# [Directions for this task]
Leaving the images aside, transcribe all the data below exactly.

# [Given information]
====================

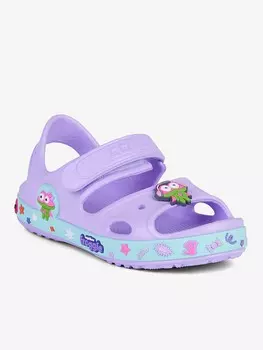 Сандалии Coqui YOGI, фиолетовый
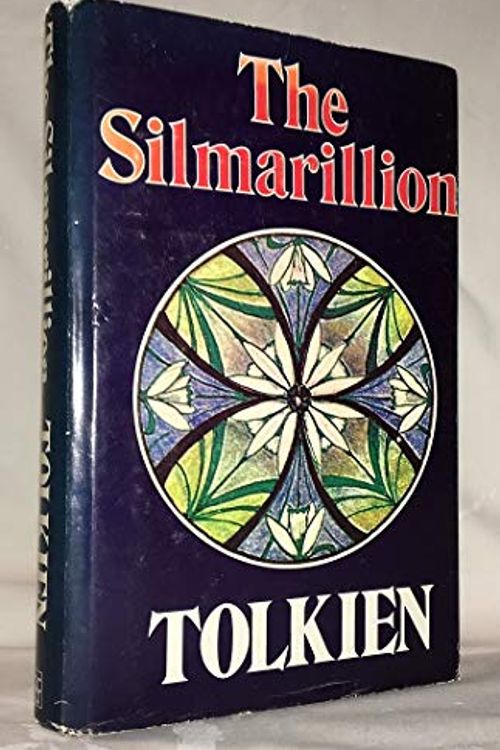Cover Art for B008MMJI0G, The Silmarillion by J. R. r. Tolkien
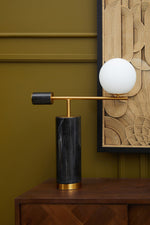 Brando Acacia Wood Effect Sideboard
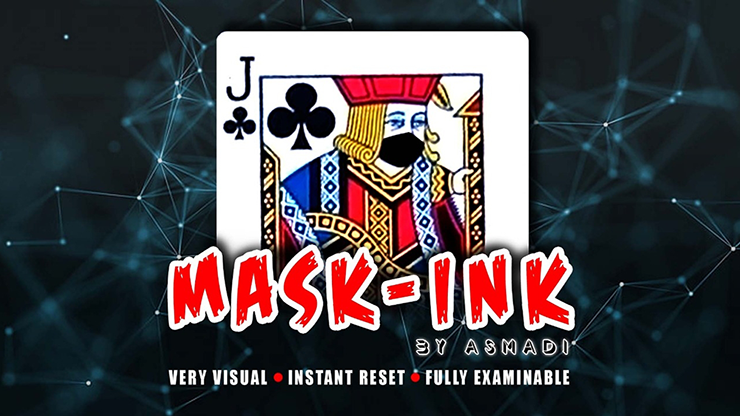 (image for) Asmadi - Mask-Ink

====================

# [Exercise answer]
 Сандалии Coqui YOGI, фиолетовый
Cover Art for B008MMJI0G, The Silmarillion by J. R. r. Tolkien
 Brando Acacia Wood Effect Sideboard
 (image for) Asmadi - Mask-Ink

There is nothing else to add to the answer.